Filter the entries for lines with the word "Gregorash".

*** Block opens ***

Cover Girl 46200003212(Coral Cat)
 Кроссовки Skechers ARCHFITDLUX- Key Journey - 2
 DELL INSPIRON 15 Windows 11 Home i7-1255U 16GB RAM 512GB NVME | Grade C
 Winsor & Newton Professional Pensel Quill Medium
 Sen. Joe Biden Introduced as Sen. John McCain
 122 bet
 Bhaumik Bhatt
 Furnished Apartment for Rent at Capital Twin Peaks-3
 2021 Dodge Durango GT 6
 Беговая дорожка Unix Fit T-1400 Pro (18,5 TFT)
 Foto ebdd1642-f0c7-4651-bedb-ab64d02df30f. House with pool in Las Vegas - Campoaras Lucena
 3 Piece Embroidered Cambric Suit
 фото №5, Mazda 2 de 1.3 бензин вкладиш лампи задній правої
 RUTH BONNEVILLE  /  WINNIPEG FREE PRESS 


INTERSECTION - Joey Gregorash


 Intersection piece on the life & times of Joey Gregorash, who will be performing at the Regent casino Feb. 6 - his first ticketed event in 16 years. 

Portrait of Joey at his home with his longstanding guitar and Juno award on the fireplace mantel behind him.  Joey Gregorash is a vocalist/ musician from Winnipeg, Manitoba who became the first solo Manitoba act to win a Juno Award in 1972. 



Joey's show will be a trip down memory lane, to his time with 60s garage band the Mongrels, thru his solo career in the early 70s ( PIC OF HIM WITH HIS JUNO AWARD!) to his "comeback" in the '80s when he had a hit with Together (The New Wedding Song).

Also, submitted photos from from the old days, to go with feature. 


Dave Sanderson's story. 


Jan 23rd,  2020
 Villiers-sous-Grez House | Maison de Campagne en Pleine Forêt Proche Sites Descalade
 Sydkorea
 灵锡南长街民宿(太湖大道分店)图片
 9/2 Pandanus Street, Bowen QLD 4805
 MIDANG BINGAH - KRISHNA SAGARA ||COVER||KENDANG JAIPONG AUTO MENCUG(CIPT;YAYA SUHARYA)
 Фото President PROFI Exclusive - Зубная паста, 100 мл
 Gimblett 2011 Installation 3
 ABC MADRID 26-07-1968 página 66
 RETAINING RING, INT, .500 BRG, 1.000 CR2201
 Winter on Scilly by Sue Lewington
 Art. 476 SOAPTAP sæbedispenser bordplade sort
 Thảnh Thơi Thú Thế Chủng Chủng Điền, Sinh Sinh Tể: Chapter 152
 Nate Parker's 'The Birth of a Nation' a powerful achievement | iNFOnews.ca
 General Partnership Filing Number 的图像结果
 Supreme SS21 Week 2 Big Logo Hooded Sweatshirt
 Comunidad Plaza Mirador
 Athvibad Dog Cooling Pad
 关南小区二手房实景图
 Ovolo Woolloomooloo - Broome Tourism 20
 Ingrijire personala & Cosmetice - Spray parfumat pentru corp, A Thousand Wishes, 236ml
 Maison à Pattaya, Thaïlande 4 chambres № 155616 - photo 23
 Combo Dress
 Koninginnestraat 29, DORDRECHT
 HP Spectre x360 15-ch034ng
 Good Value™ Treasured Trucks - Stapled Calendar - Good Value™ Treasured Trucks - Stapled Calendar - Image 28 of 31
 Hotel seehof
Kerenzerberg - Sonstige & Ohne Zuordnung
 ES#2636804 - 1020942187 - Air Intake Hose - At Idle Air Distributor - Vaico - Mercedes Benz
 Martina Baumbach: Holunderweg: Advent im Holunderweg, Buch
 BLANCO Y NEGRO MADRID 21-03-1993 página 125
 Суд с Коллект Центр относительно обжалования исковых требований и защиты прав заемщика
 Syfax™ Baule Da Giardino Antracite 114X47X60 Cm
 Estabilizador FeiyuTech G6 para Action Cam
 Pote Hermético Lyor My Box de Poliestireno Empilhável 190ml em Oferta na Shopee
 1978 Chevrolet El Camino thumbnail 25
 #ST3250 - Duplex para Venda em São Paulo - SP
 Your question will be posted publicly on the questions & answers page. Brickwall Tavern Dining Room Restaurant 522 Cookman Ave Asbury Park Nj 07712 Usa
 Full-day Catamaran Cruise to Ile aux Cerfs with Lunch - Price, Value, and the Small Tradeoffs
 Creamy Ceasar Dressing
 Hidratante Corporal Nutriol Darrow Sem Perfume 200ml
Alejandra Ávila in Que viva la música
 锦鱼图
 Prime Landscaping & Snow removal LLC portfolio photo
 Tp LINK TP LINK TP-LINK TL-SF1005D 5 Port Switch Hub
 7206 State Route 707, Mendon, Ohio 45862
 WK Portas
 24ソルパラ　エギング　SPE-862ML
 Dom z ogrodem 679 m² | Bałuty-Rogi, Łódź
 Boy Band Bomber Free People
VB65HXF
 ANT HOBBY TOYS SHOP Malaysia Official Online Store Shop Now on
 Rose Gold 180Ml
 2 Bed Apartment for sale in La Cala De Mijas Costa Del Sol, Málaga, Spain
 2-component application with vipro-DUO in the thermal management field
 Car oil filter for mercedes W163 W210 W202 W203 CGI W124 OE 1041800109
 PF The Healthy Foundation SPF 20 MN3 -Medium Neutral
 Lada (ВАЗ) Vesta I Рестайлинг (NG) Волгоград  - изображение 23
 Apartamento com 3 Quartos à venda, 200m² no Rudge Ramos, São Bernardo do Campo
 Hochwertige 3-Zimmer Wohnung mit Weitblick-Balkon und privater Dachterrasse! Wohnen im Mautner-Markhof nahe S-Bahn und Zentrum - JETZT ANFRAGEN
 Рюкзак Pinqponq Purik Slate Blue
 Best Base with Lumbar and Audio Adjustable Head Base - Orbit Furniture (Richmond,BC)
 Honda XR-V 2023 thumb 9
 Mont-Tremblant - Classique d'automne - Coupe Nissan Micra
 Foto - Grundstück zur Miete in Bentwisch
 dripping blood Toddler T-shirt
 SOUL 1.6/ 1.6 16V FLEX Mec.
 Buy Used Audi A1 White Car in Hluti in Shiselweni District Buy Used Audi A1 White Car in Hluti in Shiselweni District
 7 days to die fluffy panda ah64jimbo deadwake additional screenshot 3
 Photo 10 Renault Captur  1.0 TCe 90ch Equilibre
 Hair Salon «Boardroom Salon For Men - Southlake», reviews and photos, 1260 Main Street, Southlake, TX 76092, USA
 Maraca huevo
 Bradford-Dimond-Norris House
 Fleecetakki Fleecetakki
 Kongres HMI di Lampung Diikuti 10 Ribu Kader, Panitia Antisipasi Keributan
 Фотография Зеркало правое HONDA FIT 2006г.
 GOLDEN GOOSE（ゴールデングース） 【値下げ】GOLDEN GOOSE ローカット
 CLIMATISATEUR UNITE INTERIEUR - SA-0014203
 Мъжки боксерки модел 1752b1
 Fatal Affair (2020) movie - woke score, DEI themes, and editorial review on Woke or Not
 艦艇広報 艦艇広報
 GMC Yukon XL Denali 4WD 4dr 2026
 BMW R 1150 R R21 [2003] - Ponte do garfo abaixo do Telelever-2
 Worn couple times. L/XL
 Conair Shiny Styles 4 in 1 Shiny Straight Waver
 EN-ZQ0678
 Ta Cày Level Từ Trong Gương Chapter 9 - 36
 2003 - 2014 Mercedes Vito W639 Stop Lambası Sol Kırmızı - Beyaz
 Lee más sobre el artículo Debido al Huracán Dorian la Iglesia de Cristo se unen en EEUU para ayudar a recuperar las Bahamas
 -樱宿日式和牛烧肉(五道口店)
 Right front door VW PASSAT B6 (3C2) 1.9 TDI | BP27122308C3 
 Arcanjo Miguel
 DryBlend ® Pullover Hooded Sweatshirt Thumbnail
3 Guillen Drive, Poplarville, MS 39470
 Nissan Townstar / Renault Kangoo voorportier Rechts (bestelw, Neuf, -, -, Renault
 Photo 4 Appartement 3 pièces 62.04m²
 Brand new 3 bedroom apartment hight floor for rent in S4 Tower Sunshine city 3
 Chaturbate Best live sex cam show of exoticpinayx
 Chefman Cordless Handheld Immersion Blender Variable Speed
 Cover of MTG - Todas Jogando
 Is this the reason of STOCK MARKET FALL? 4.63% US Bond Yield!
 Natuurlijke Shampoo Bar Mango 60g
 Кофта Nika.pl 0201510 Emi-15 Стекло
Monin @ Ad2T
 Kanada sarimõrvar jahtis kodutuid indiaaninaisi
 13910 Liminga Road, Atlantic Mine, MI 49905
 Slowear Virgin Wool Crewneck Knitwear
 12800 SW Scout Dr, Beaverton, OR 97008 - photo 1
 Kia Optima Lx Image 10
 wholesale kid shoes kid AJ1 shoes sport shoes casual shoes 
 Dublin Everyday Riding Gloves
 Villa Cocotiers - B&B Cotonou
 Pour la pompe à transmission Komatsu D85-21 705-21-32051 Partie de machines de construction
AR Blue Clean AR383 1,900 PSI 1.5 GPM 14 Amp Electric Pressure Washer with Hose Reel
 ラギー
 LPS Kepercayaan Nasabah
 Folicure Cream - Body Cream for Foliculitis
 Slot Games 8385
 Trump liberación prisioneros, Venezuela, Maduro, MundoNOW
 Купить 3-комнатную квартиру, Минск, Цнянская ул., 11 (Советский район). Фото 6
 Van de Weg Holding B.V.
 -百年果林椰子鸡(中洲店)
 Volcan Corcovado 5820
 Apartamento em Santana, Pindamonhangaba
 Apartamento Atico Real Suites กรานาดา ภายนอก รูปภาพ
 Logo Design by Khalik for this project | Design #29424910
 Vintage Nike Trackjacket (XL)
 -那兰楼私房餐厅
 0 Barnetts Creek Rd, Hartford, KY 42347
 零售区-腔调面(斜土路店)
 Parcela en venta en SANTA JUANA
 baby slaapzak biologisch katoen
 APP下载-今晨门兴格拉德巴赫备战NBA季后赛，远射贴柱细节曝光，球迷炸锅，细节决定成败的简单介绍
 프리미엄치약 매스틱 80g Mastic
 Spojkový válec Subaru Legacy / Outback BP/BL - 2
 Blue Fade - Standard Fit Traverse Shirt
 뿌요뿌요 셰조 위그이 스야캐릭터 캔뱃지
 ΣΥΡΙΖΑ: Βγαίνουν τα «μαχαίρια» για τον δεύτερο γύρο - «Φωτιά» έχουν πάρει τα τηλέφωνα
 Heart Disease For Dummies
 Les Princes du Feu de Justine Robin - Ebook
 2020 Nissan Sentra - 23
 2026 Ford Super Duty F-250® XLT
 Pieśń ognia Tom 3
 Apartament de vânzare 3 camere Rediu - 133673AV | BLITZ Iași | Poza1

*** Block closes ***

*RESULT BELOW:*
INTERSECTION - Joey Gregorash
 Intersection piece on the life & times of Joey Gregorash, who will be performing at the Regent casino Feb. 6 - his first ticketed event in 16 years. 
Portrait of Joey at his home with his longstanding guitar and Juno award on the fireplace mantel behind him.  Joey Gregorash is a vocalist/ musician from Winnipeg, Manitoba who became the first solo Manitoba act to win a Juno Award in 1972. 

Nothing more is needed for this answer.